We will develop and compare several classification models, including **Logistic Regression**, **Random Forest**, and **XGBoost**, to predict whether a flight will be delayed. Below is our modeling plan:

## 4.1 Logistic Regression
- As a baseline model, Logistic Regression provides a simple linear decision boundary to assess initial feature correlations.

## 4.2 Random Forest
- An ensemble-based classifier that captures non-linear relationships and is less prone to overfitting compared to individual decision trees.

## 4.3 XGBoost
- A more sophisticated gradient boosting algorithm known for excellent performance on tabular data, especially with heterogeneous features.

The models will be evaluated using metrics such as **accuracy**, **precision**, **recall**, **F1-score**, and **AUC-ROC** to determine which approach best suits our problem.


# 5. Business Report Summary

## 5.1 Introduction
- The objective of this project is to predict flight delays by using both flight-specific and weather-related data. This can help airlines proactively manage scheduling and improve resource utilization.

## 5.2 Methods
- **Data Cleaning and Preprocessing**: Missing data imputation, categorical encoding, and feature scaling.
- **Modeling**: We tested multiple models including Logistic Regression, Random Forest, and XGBoost, optimizing their hyperparameters for the best results.

## 5.3 Results
- We will summarize our findings, including model performance metrics and key insights on which factors are most influential in predicting delays.

## 5.4 Conclusion
- Predicting flight delays allows airlines to mitigate their effects through better scheduling and operational adjustments.
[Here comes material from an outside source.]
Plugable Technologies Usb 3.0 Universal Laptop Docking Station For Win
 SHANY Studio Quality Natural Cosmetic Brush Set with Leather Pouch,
However, limitations include potential inaccuracies in weather data and the unpredictability of operational disruptions.


# 6. Innovation and Creativity

## 6.1 Enhancements and Creative Methods
- We will apply **weather severity indices** to improve predictions, combining weather features into a single "severity" measure to see how well it correlates with delays.
- **Ensemble Modeling**: We plan to use an ensemble approach, combining **Random Forest** and **XGBoost** to enhance prediction robustness.
- **Advanced Visualizations**: To better convey trends, we will create **animated visualizations** that show changes in flight status and delays over time.


# 7. Timeline and Submission

## 7.1 Proposed Timeline
- **Day _**: Dataset exploration and cleaning.
- **Day _**: Conduct EDA and perform feature engineering.
- **Day __**: Model selection, training, and testing.
- **Day __**: Write the business report summarizing our project.
- **Day __**: Finalize all deliverables and submit.

## 7.2 Deliverables
- **Colab Notebook**: Submitted as both `.ipynb` and `.html`.
- **Business Report**: A well-polished PDF covering all aspects of the project.